Kirliliğin ekosistem üzerindeki olumsuz etkilerine de değinen Sayım, balık ölümlerinin ve kötü kokunun, sudaki oksijen seviyesinin tükenmesiyle doğrudan bağlantılı olduğunu söyleyerek, "Denize yüksek miktarda nitrit, nitrat, amonyum ve fosfor gibi besleyici maddeler karışıyor. Bu durum, alg ve fitoplanktonların aşırı çoğalmasına yol açarak suyun oksijen seviyesini ciddi şekilde düşürüyor. Oksijen azalınca da toplu balık ölümleri kaçınılmaz hale geliyor" ifadelerini kullandı. Ayrıca, düşük oksijen seviyelerinin mikroplastiklerin parçalanmasını yavaşlatarak kirliliği daha da artırdığına dikkat çekti.
Plastik Atıklar Körfezi Tehdit Ediyor
Çalışmada görev alan bilim insanlarından Dr.

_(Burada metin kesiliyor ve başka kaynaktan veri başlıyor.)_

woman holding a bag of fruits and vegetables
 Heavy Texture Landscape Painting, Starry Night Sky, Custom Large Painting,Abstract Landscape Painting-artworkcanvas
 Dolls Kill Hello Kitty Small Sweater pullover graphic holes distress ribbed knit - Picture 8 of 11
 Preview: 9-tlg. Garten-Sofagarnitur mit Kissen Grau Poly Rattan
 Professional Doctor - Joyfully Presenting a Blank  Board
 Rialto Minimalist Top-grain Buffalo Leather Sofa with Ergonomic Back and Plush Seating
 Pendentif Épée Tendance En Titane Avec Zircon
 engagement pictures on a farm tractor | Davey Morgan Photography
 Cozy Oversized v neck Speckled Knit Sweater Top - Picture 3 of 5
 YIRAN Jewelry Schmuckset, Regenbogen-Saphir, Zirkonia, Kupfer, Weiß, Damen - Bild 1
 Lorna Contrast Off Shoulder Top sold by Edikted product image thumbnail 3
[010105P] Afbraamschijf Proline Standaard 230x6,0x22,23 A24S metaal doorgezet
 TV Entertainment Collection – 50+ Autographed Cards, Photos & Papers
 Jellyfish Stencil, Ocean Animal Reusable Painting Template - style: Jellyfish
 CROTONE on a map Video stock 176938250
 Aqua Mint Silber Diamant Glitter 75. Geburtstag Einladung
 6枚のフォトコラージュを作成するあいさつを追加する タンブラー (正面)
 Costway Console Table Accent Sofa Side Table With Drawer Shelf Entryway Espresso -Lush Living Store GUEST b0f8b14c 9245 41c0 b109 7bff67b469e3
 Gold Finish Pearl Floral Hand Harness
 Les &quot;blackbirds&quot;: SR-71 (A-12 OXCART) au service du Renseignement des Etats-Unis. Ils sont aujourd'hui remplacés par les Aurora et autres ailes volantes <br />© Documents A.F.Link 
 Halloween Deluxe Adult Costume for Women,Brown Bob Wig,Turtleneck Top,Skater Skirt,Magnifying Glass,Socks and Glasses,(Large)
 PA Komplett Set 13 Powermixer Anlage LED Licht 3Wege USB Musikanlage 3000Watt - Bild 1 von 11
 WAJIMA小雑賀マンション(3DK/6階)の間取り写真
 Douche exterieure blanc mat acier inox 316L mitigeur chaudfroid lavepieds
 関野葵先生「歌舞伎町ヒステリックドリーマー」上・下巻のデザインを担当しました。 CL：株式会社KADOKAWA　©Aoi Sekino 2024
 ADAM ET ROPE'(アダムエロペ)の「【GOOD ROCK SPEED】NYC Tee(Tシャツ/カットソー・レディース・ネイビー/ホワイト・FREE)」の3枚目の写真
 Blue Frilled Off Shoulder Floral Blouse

Alper Ertaş, körfezde en sık rastlanan atıkların plastik poşetler, şişe kapakları ve sigara izmaritleri olduğunu belirtti. Mikroplastik analizlerinde ise en fazla filament tipine rastladıklarını söyleyen Ertaş, "İzmir Körfezi’nin iç kesimlerinde her 5 litrede 1610 mikroplastik partikül bulunuyor. Bunların çoğu tekstil ürünlerinden, balıkçılık ağlarından ve atık su arıtma tesislerinden geliyor" dedi.
Makroplastik ve mikroplastik kirliliği üzerine yapılan değerlendirmelerde, İnciraltı Kent Ormanı, Güzelbahçe ve Urla kıyılarının en fazla kirlilik tespit edilen bölgeler olduğunu belirten Ertaş, "Yıl boyunca kirlilik devam ediyor. Kış aylarında aşırı yağışlar ve rüzgar, atık su arıtma tesislerinin kapasitesini zorlayarak körfeze daha fazla mikroplastik girmesine neden oluyor. Bunun etkisi ise yaz aylarında daha fazla hissediliyor. Yazın hem kötü koku artıyor hem de balık ölümleri daha fazla görülüyor" şeklinde konuştu.
İzmir Körfezi'nde kirlilik sorununun önüne geçilmesi için acil önlemler alınması gerektiği vurgulanırken, uzmanlar mikroplastik kirliliğinin ekolojik dengeyi ciddi şekilde tehdit ettiğine dikkat çekiyor.